Giving Compass' Take:

• Pacific Standard writes of the certain dairy farms across America trying to bring transparency to large-scale agriculture through interactive farming experiences that aim to show agriculture is good for the environment, it's compatible with animal welfare, and milk is good for you. But is it all hyperbole? 

• This method of exposing the agricultural industry invites controversy, how are these farms adjusting? How does this exposure affect smaller dairy businesses?

• Learn about the dark side of the dairy industry.


In northern Indiana, an exceptionally flat part of the Midwest that even midwesterners love to hate, Interstate 65 stretches as far as the eye can see—and then some. For a 170-mile radius, you pass little but cornfields, semi-trucks, and the occasional cow. Then, from the empty horizon, a cluster of red roofs emerges like an irate Goliath. Right off the highway—at the exit urging you to "mooove over!"—lies an "agricultural Disneyland." Make that turn and you'll arrive at Fair Oaks Farms, a sprawling agricultural theme park—and, yes, a bit like Disneyland, if Disneyland were sadder and grayer.

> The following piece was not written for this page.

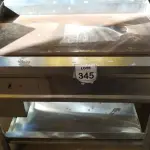 LOTE 483 - 01 CHAPA INDUSTRIAL ELÉTRICA EM INOX. (NO ESTADO) ATENÇÃO! FAZER A VISITAÇÃO ANTES DE ARREMATAR, NÃO SABEMOS SE FUNCIONA, LEILÃO NÃO TEM GARANTIA E NEM DEVOLUÇÃO, SUJEITO A POSSÍVEIS AVARIAS VISÍVEIS/OCULTAS E/OU AUSÊNCIA DE COMPONENTES.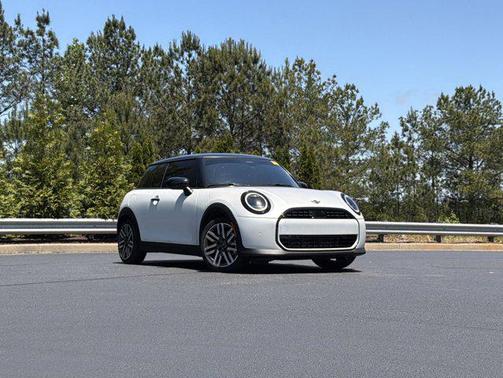 Nanuq White Metallic 2026 MINI Hardtop Cooper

A sign at the farm's entrance marks the next of many puns, seemingly mandated by company code: "A Dairy Good Time for the Family!" Inside the barn, a group of employees, all wearing matching polo shirts, speak in dairy puns as they herd schoolchildren on cow-shaped busses and dairy-go-rounds, and invite the many dozens of visitors from across the country to take the Dairy Adventure. (There's a pig- or crop-themed tour too, if that's more your thing.)